You will produce a graph known as a stackplot that shows the percentage of mentions per unit of time for each candidate. In other words, you must compute the number of mentions for each candidate during a unit of time and, instead of visualizing the absolute number of mentions, you will visualize what percentage of mentions each candidate got.

The graph you will produce will only include Donald Trump, Carly Fiorina, Jeb Bush, Ben Carson, Ted Cruz, Rand Paul, and Marco Rubio, and will show the percentage of mentions per ten minutes throughout the entire dataset.

You must save this graph as stackplot.png

Using the during.csv dataset, the graph would look like this:

Take into account that you are computing the percentage of mentions just for those seven candidates, not the percentage of mentions of all candidates. In other words, at each interval of time, the percentages of the seven candidates we are including should always add up to 100%.

Hint: If you followed our advice to cleanly separate the code that does the data analysis and the code that does the plotting, your code for this task should be able to re-use most of the code from Task 4a, and focus mostly on producing the stackplot.

Getting started¶

Follow these start-up instructions if you plan to work alone.

Follow these start-up instructions if you are going to work in with a partner you have worked with previously.

Follow these start-up instructions if you are going to work in with your chosen partner for the first time.

Here is a description of the contents of the pa7 directory:

debate_tweets.py – you will write all your code in this file. Note that this file includes several constants and a function that you may find useful. All of them are documented with code comments, and you should make sure to read and understand them before you start writing your code.
data/ – a directory for the data files. Since the data files are very large they are not included in the Git repository. See below for instructions on how to obtain the data files.
output/ – an empty directory where you will generate the PNG files with the plots.

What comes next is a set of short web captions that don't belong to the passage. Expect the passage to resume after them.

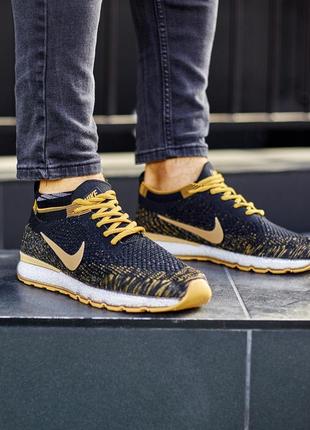 ⭕nike zoom black white yellow⭕крутые лёгкие мужские кроссовки найк зум, чоловічі кросівки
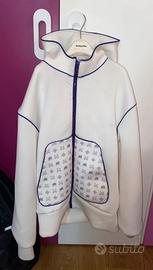 felpa con zip MILLION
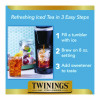 Probiotics+ Herbal Lemon And Ginger Tea, 24/Box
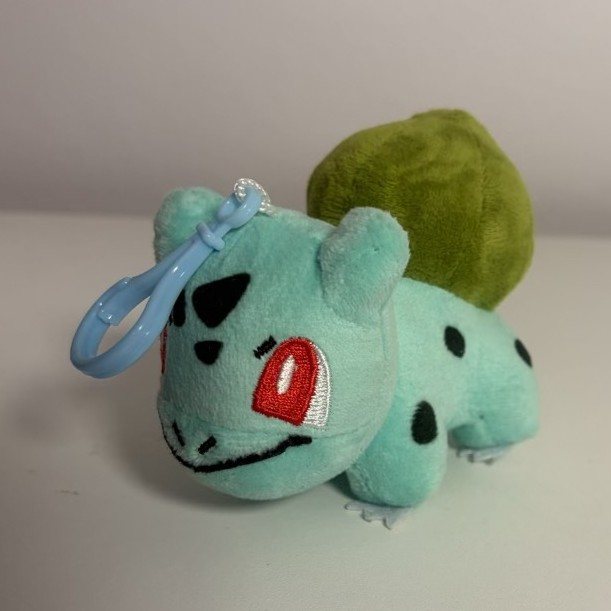 Funko Pop! #453 - Bulbasaur z kolekcji Damiana Ślimaka, egzemplarz numer 16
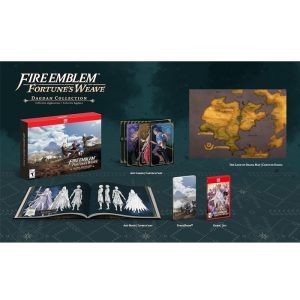 Game Fire Emblem: Fortune’s Weave Dagdan Collection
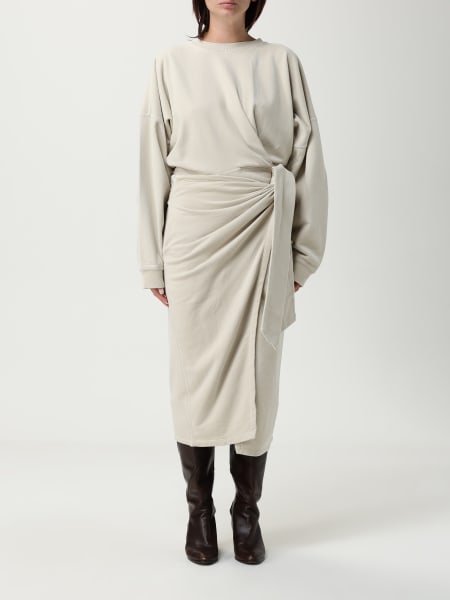 Abito Isabel Marant Etoile in jersey di cotone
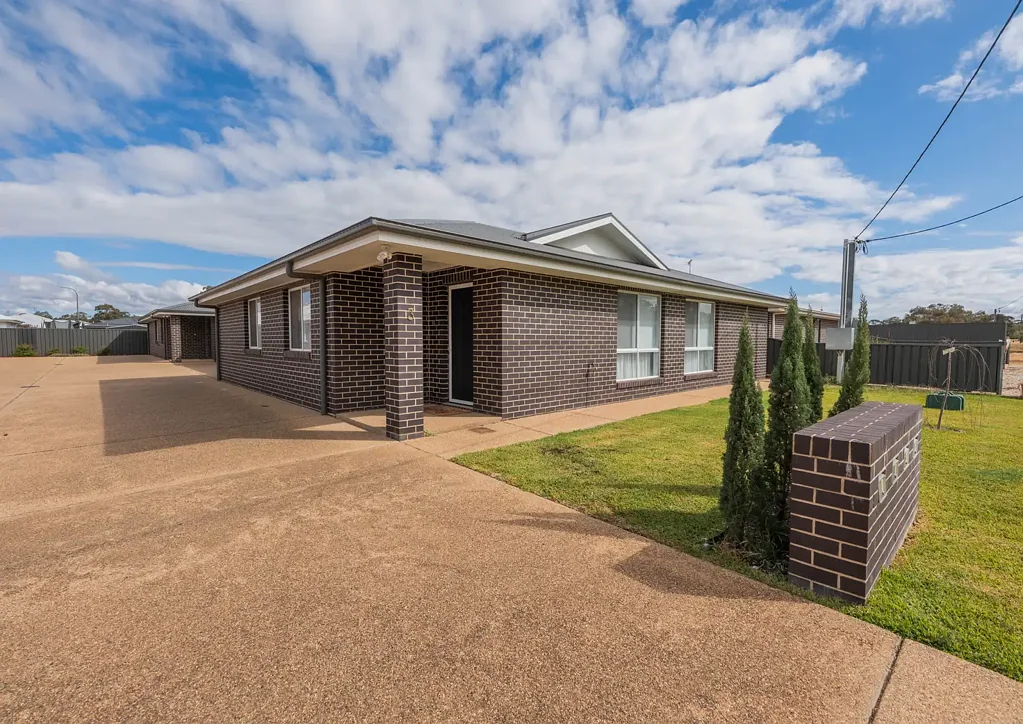 West Wyalong 3ห้องนอน A Fresh Opportunity in a High-Demand Pocket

The data/ directory contains a file called get_files.sh that will download the data files. To download the data files, go into the data directory and run this:

./get_files.sh

This will download files tweets.csv (the complete dataset) and during.csv (with only the tweets made during the debate).

Before you start working on your code, make sure that Matplotlib is installed on the VM. There was a Piazza post a long time ago asking you to do this, but it was only required if you wanted to see the plots on Lab #2 so, in case you didn’t install Matplotlib at the time, make sure you run the following:

sudo apt-get update
sudo apt-get install python3-matplotlib

Submission¶

Follow these submission instructions if you are working alone.

Follow these submission instructions if you are working in a pair.

Remember: If you are graduating this quarter, your deadline is December 4th, not December 9th!

If you are not graduating this quarter, please note that chisubmit will first be set up with a December 4th deadline. Once all the graduating students have submitted their assignments, we will adjust the deadline. If you try to submit in the 24-48 hours after the December 4th deadline, chisubmit may tell you to use an extension (don’t do this; just wait until we’ve set the deadline to December 9th).